While I could use a database, it's expensive. Some of my needs are low volumes of data, low frequency of updates, and the need to present raw data to others. For someone that wanted to share some data with friends, I need something simpler than a database to do that. Google Sheets fits a simple need for making a data set available publicly.

My sheet is shown below and is fairly simple. I enter some data in the B and C columns. The E, F, and G columns calculate some values based on that data.

Sample Google Sheet

To add this to my Power BI report, I needed the URL for this sheet, which I got by clicking the "Share" button in the upper right. This gave me a dialog like the one shown below. I set the bottom portion of this dialog to allow anyone with the link to view the data, which is what Power BI will do:

Google Share dialog

This gets my data available, now on to Power BI.

A Power BI Desktop Report

I like working in Power BI Desktop. I can muck around with data and experiment with visuals without the limitations of a web interface. I can save off my .pbix files and work with them offline. There might be a better way to make simple reports, but I prefer this application.

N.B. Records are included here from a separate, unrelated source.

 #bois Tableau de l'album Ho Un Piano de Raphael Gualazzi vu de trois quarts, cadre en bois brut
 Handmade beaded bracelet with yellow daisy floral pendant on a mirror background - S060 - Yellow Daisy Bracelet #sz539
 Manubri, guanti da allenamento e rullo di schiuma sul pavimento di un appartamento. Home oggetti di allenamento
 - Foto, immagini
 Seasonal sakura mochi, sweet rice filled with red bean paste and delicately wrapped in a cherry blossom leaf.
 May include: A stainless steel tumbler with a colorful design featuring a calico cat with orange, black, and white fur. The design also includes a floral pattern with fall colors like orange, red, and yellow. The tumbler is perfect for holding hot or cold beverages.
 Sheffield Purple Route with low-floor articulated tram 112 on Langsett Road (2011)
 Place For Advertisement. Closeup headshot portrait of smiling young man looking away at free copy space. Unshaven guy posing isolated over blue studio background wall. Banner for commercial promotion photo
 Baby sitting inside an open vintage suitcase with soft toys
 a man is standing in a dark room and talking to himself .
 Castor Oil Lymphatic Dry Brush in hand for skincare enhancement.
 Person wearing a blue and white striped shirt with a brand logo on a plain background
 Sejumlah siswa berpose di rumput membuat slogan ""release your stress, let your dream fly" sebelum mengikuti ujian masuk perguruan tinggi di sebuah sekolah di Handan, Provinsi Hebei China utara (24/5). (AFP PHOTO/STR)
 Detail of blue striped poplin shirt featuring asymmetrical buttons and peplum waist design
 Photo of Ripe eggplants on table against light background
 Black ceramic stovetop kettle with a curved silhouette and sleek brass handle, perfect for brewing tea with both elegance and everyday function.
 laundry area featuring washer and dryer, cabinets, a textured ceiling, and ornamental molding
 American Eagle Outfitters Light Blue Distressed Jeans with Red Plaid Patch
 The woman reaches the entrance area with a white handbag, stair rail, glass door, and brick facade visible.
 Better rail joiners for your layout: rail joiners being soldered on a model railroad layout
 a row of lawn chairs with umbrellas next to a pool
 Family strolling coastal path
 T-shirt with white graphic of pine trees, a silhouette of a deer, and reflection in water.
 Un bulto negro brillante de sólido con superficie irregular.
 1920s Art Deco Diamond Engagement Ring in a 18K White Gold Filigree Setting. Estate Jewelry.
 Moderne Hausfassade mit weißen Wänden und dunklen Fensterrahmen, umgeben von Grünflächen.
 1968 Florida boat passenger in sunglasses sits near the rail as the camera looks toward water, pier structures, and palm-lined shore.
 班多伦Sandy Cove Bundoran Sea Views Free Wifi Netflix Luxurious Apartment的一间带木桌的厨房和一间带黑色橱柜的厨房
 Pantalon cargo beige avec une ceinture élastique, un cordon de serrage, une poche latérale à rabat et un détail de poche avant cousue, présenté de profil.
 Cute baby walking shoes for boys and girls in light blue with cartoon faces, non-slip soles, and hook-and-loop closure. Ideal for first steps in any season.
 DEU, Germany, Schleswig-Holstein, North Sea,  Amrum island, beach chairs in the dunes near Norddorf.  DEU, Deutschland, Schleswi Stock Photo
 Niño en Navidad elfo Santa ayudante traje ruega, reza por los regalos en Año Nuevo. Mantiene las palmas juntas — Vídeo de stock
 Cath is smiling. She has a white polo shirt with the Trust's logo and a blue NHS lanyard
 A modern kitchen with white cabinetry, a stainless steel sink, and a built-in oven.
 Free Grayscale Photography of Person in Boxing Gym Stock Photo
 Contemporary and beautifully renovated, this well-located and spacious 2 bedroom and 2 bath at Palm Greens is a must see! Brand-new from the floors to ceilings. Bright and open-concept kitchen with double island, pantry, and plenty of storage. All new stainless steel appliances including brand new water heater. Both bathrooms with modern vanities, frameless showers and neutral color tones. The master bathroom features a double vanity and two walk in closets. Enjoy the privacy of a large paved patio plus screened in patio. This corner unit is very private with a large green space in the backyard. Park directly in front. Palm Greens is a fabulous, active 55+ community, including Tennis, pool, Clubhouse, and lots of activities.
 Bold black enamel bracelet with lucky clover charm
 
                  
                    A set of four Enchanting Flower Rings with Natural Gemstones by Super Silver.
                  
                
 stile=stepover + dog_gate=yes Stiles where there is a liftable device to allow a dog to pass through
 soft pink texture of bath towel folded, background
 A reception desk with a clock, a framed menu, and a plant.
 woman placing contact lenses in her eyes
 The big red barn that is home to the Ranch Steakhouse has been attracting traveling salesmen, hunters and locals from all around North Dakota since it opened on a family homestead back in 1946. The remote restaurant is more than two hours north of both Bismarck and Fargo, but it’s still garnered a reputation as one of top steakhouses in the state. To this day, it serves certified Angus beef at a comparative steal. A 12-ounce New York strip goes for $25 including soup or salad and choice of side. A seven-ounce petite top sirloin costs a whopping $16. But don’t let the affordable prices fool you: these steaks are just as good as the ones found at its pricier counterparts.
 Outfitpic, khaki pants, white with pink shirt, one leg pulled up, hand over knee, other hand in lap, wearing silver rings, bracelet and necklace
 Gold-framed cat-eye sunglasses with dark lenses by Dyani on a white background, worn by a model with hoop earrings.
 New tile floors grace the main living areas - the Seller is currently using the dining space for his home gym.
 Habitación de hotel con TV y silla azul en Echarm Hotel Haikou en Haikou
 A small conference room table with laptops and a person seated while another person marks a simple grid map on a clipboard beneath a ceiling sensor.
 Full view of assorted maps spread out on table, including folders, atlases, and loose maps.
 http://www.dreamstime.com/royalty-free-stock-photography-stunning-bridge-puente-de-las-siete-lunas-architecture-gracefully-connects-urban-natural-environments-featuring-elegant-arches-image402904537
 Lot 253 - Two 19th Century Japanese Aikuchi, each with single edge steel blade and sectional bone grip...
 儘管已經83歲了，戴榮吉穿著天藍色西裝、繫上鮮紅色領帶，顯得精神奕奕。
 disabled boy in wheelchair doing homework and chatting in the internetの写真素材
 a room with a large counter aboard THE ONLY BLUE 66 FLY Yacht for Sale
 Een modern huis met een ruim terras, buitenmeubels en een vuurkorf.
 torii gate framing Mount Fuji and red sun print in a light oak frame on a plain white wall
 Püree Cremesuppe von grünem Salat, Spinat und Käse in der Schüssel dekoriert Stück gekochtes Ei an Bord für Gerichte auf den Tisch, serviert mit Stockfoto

When I start a new report, I use the Get Data option. In here, I can enter "Sheet" in the search and find the Google Sheets option. I pick this and click Connect.

Getting data from Google Sheets

Once I do this, I get a new dialog where I enter my URL.

Google Sheets URL entry

This will connect and I can preview my data. There is a little work to get data ready, but I'll cover that in another article. For now, get data into Power BI.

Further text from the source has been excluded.